Obtained from Sustainable Species: Though large fish like wild salmon and tuna get the glory as omega-3 sources, reputable fish oil brands obtain their oil mostly from small fish like sardines and anchovies that can be sustainably managed.

Toxin Free: A fish oil manufacturer should be able to tell you what environmental toxins they test for, and what their batch results are. Obviously, good fish oil supplements must be free of mercury, cadmium, lead, PCBs, dioxins and other common toxins.

Cold Processing: High heat is not good for fish, said Nordic Naturals president Joar Opheim. You can lose 60% or more of the omega-3s with high-heat processing.
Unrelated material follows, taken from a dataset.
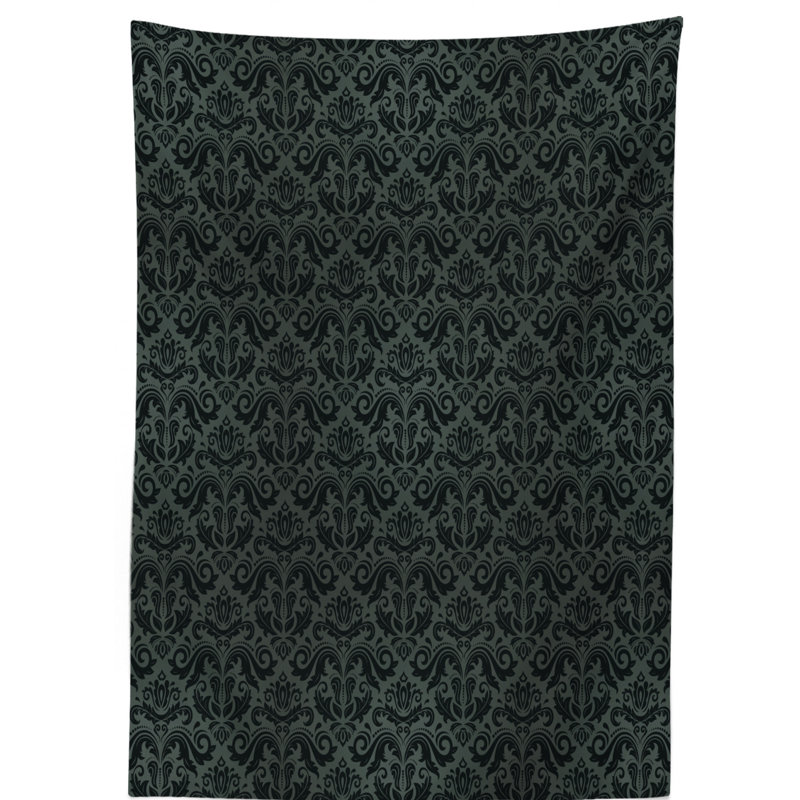 Tablecloth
Ideally, fish bound for fish oil production should be processed as soon as possible after catch, using a cold process that prevents both the heat denaturing and the oxidation of the oils.

Freshness: Oxidation is deadly for omega-3s in fish oil; it also turns the oil rancid making it bad-tasting and burp-inducing. Fresh oils will have a clear taste with minimal “fishiness.” There are two widely used freshness measures: peroxide value, which indicates oxidation-in-progress, and anisidine value, which indicates total accumulated oxidation. Both should be as low as possible.
The two oxidation values can be combined as the “Totox” score, which is twice the value of the peroxide measure plus the anisidine value. “Totox should never be over 26,” said Opheim. “Our goal at Nordic is to keep the PV below 1, the AV below 8, and the Totox score below 10.”